● **Work request**
Please give again, word for word, the line that contains "Toyigoo Işıklı Pembe" and every line after it to the end of the data, with no other lines.
*** Block opens ***
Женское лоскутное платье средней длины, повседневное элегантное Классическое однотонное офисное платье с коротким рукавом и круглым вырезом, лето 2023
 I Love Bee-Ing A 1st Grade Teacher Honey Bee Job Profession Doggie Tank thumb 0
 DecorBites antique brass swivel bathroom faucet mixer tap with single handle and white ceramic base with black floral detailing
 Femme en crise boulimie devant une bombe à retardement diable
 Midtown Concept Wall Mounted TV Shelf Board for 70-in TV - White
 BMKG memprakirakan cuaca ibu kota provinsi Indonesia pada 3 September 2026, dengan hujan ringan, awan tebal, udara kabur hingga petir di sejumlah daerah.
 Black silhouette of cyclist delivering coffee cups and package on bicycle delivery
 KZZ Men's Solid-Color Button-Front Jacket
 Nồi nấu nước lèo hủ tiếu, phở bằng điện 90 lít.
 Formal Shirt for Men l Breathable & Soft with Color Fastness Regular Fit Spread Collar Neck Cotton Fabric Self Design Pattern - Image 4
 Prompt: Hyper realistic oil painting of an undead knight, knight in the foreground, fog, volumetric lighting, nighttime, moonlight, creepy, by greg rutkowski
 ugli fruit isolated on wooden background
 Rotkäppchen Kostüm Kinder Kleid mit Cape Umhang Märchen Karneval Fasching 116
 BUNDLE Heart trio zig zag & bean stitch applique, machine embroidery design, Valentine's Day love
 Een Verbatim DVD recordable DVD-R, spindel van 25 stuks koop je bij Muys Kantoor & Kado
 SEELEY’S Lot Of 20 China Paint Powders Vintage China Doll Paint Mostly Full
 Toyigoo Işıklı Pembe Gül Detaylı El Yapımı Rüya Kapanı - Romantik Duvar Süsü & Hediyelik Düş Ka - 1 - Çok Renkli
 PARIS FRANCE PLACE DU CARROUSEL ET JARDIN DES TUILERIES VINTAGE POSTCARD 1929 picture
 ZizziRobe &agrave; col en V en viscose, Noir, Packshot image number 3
*** Block closes ***
● **Written answer**
 Toyigoo Işıklı Pembe Gül Detaylı El Yapımı Rüya Kapanı - Romantik Duvar Süsü & Hediyelik Düş Ka - 1 - Çok Renkli
 PARIS FRANCE PLACE DU CARROUSEL ET JARDIN DES TUILERIES VINTAGE POSTCARD 1929 picture
 ZizziRobe &agrave; col en V en viscose, Noir, Packshot image number 3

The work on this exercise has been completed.